→ **What you should do**
What is needed is an exact copy of the lines from the line holding "LEGO® DUPLO® 10427" through the end of the material, with no other lines and no pictures.

**** Supplied data ****

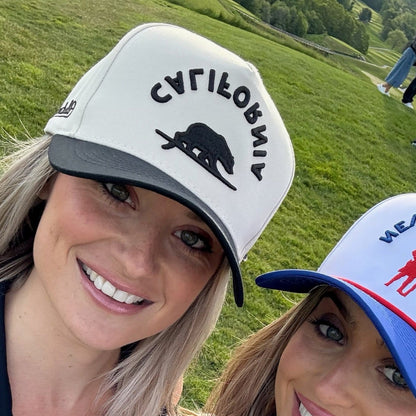 The Blackout Bear California Hat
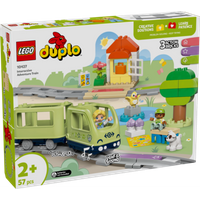 LEGO® DUPLO® 10427 Interaktive Abenteuer-Eisenbahn von LEGO® DUPLO®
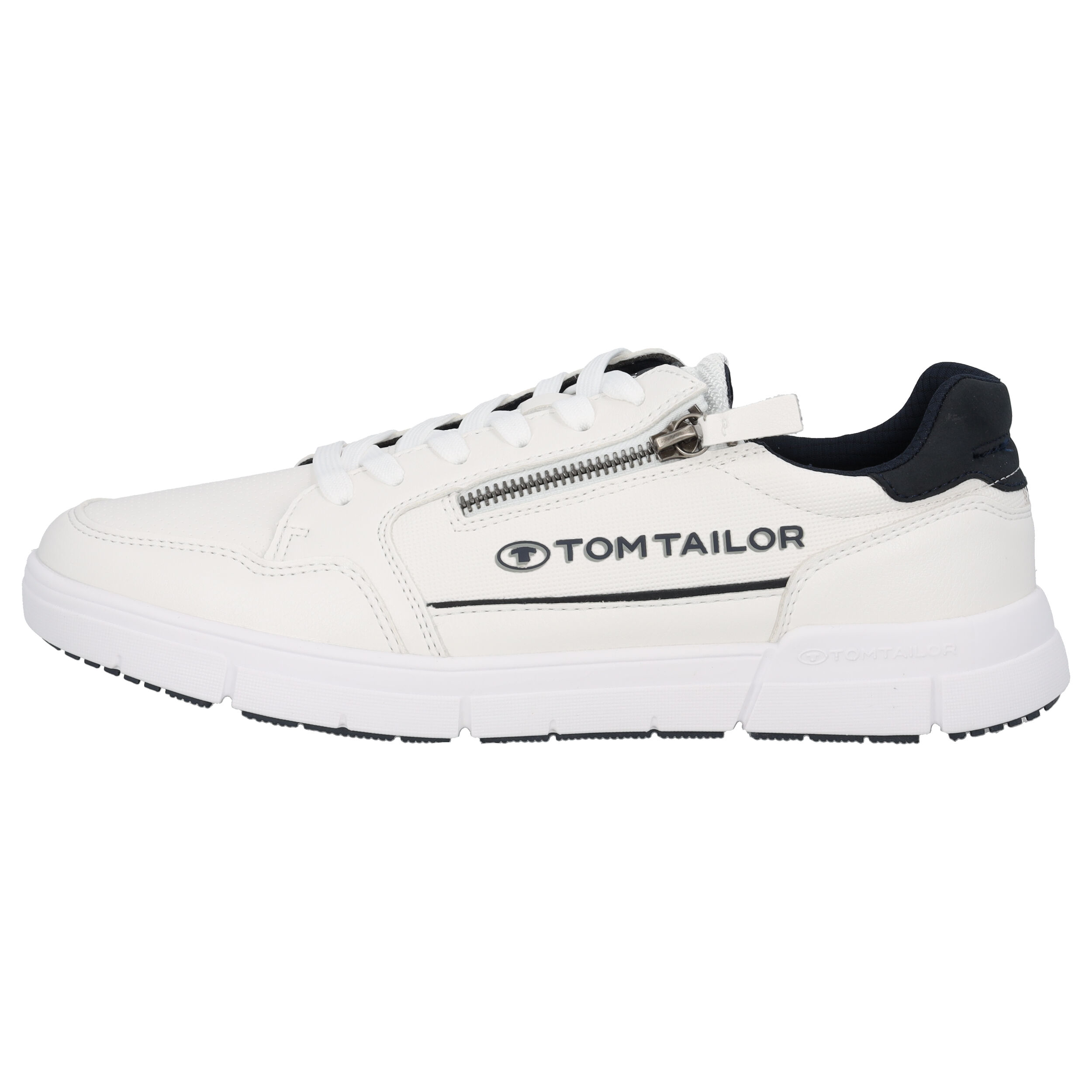 Tom Tailor 5380200003, Klassische- & Business Schuhe, Herren, Weiß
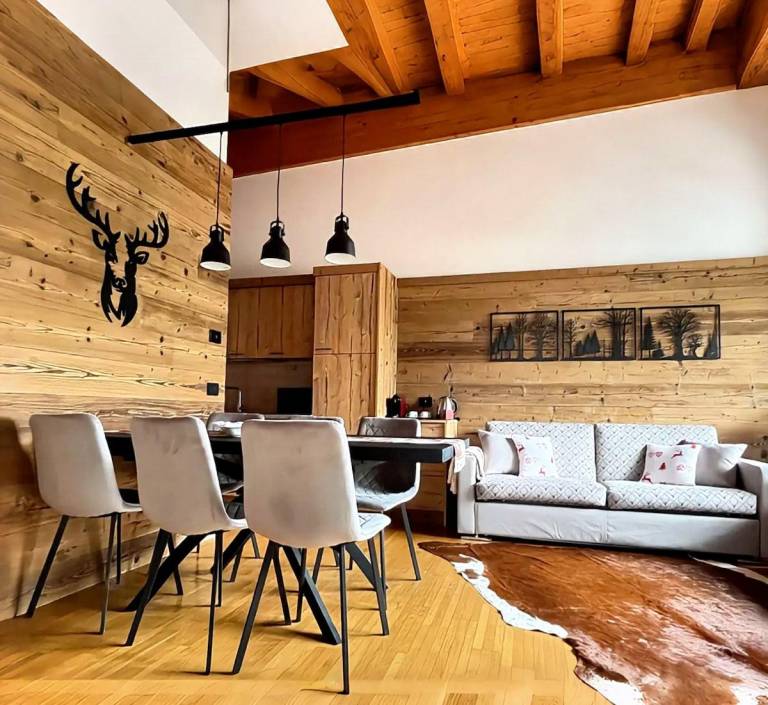 85 m&sup2; Ferienhaus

****

→ **Written answer**
 LEGO® DUPLO® 10427 Interaktive Abenteuer-Eisenbahn von LEGO® DUPLO®
 Tom Tailor 5380200003, Klassische- & Business Schuhe, Herren, Weiß
 85 m&sup2; Ferienhaus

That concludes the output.